The bill passed out of a committee earlier today, but proponents are still trying to round up enough votes to get it out of the full House.
The clock is ticking down until a new legislature is sworn in Wednesday. The Senate is not in town, and it’s unclear whether enough lame-duck senators would return to vote on a pension plan even if it passed the House.
The House will return at 11 a.m. Tuesday.
“Sponsors will continue to work to find the votes and move the bill forward,” said Ryan Keith, a spokesman for Democratic Reps. Elaine Nekritz of Northbrook and Daniel Biss of Evanston.
Earlier today, the plan won approval from a House committee. Workers would chip in more from their paychecks and automatic cost-of-living increases would be reined in for retirees under the proposal. Retirees would not get automatic annual inflation bumps until age 67 and cost-of-living increases would be frozen for six years.

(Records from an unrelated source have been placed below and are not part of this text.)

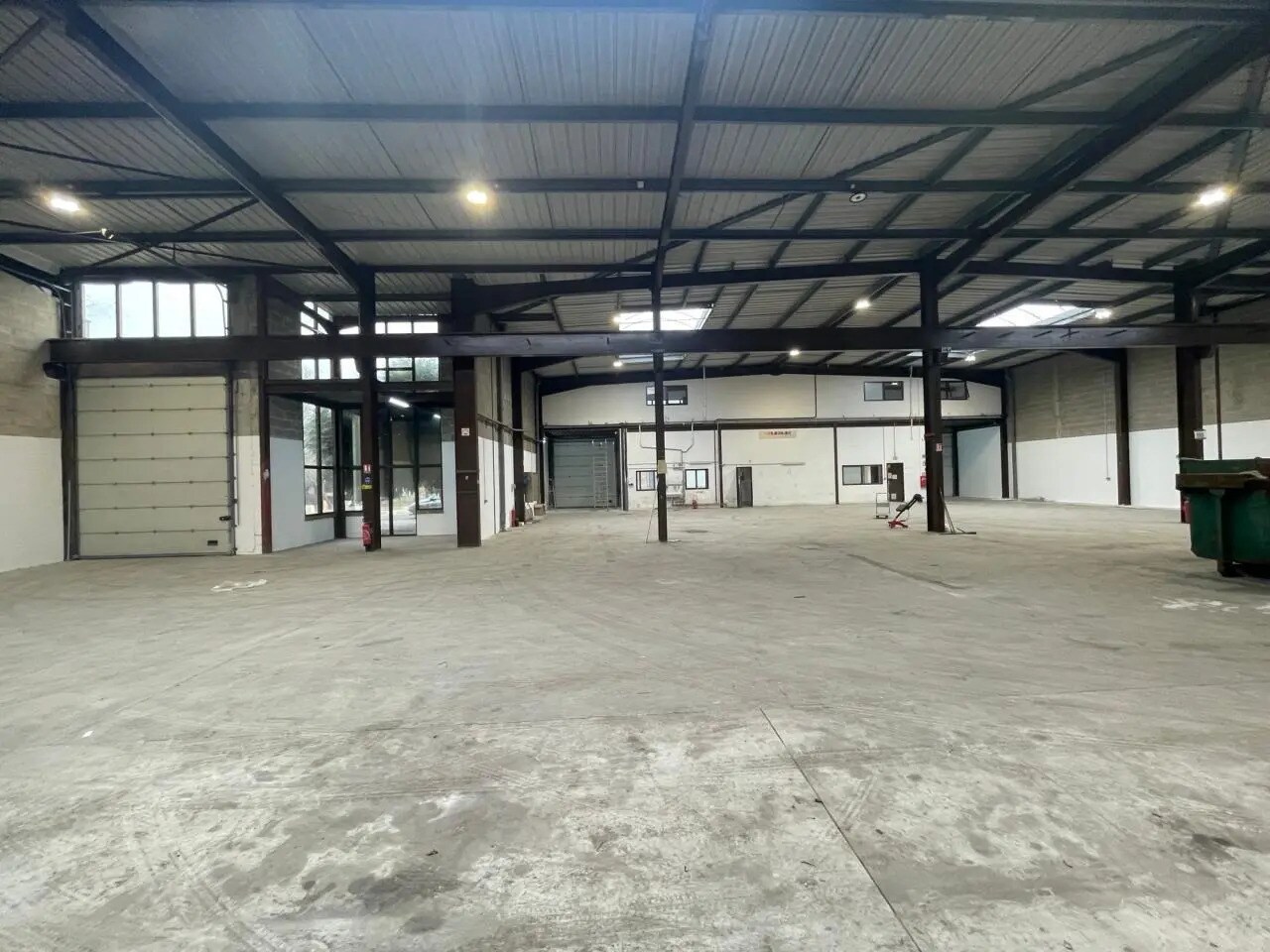Local d’activités dans Le Thillay à louer Photo de l’immeuble– Image 1 sur 18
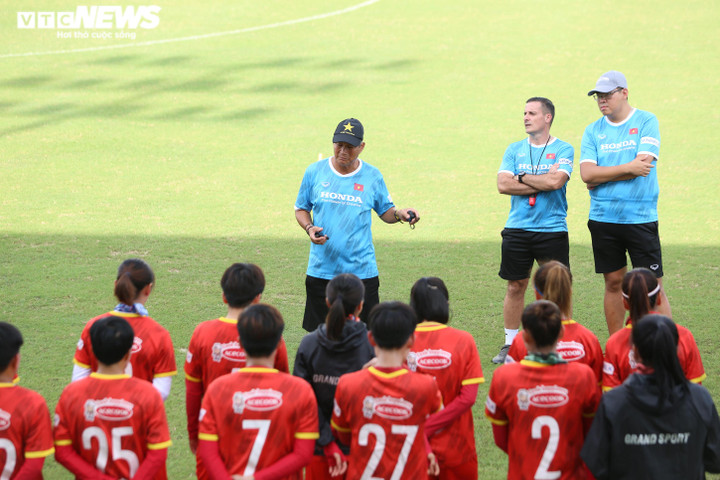 HLV Mai Đức Chung: ĐT nữ Việt Nam phải chuẩn bị kỹ mới đủ sức đấu với Pháp - 2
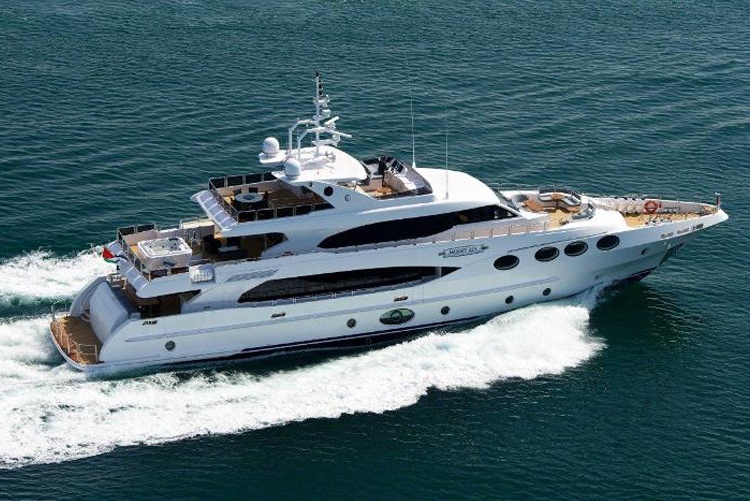 Majesty 125 Superyacht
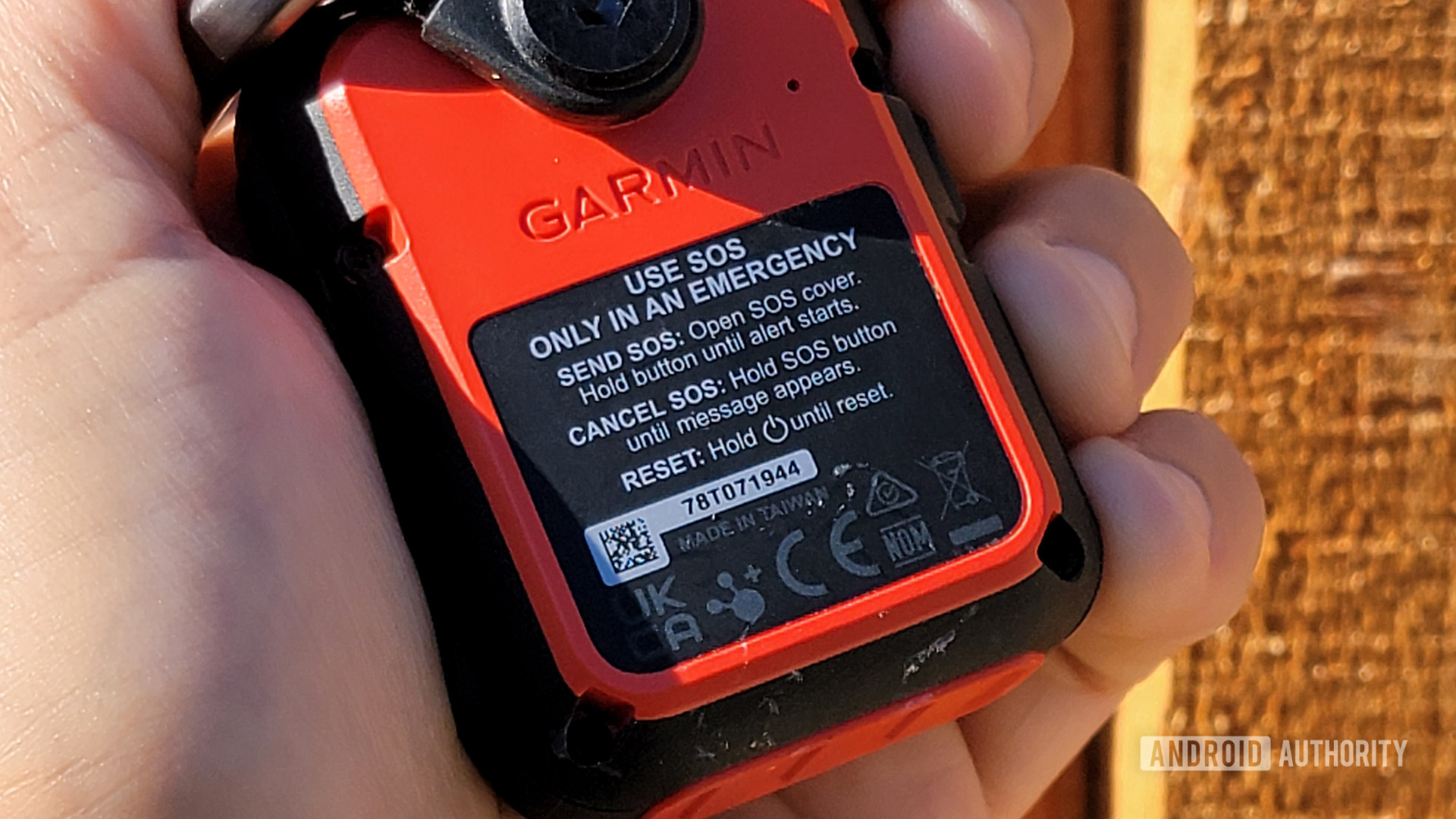 Garmin InReach Mini 2 rear instructions for SOS emergency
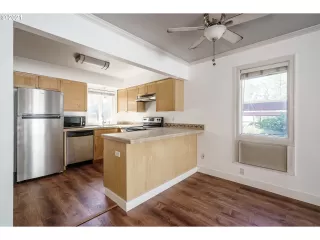 Photo #2: 21606789 Listing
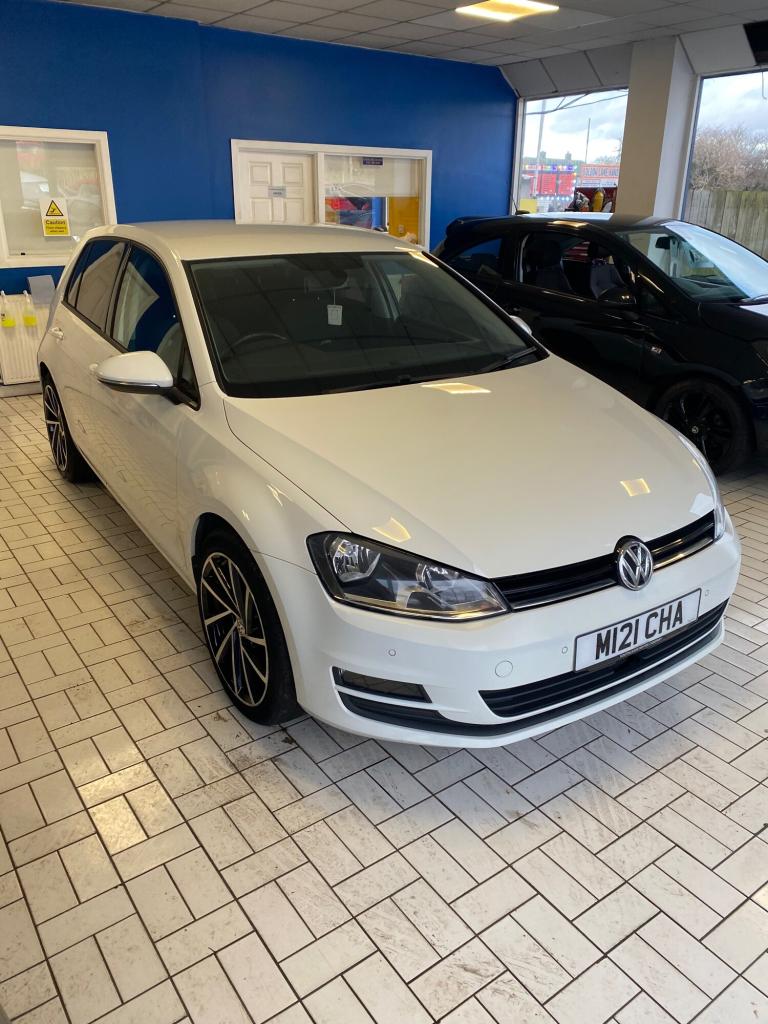 2015 Volkswagen Golf Match  Hatchback  Diesel  Manual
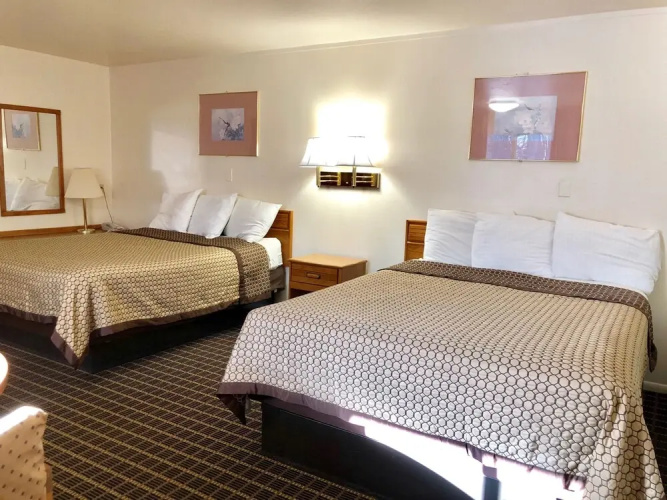 Royal Inn Victor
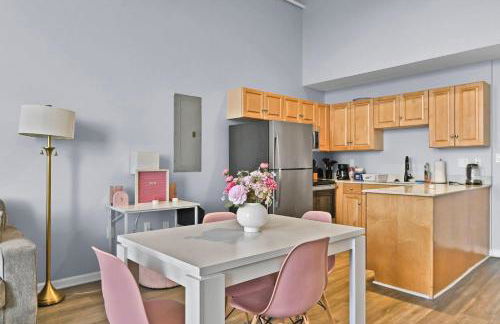 Pink playhouse sq near Progressive field & CSU - Photo 2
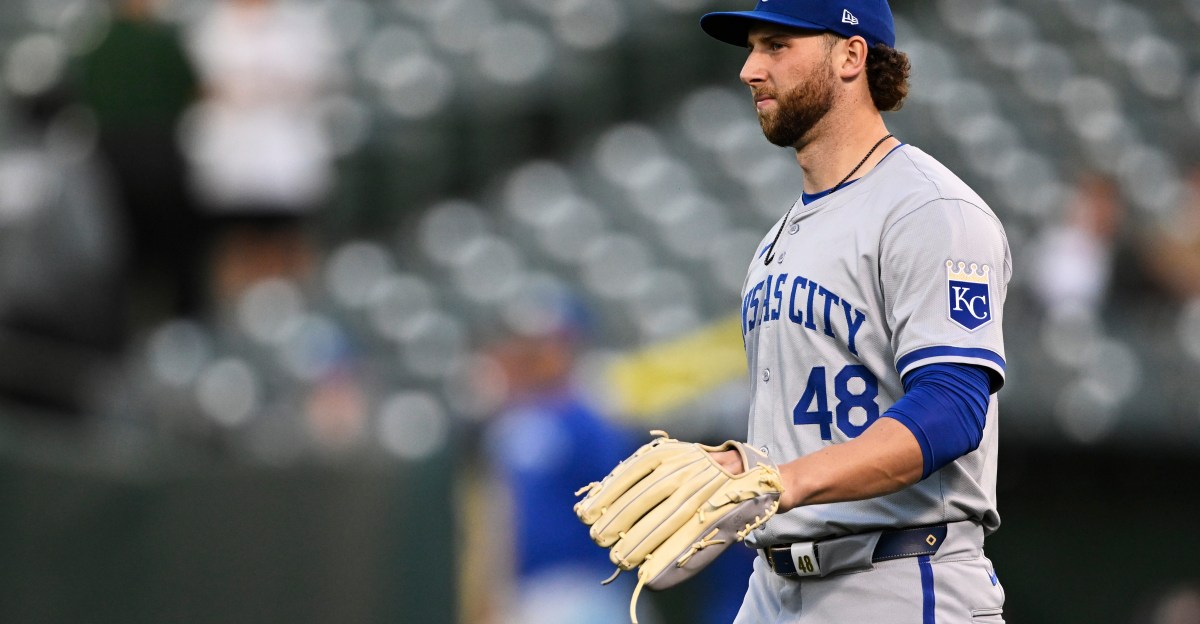 Alec Marsh undergoes labrum surgery, could miss 2026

The legislation emerged as the most comprehensive pension overhaul for government workers to reach the House floor with bipartisan support since estimates of the nation’s worst-funded retirement system hit $96.8 billion. The proposal moved to the full House on a 6-3 vote.
Rank-and-file state workers, university employees, legislators, and suburban and downstate public school teachers and retirees would be impacted.
Sponsoring Rep. Elaine Nekritz called for action because the state’s pension finances are “in crisis.” She said the proposal is not the “ideal solution” but represented a solid compromise that lawmakers can pass before a new legislature is sworn in Wednesday.
“The choice is clear. The time is now,” Nekritz testified in the House hearing. Failing to act would mean less money for schools, health care, social services and other state operations, she said.
House Republican leader Tom Cross of Oswego hailed Nekritz and Rep. Dan Biss, D-Evanston, for jump-starting a “give-and-take process” that has resulted in a “very good product” that will lower the debt by $30 billion.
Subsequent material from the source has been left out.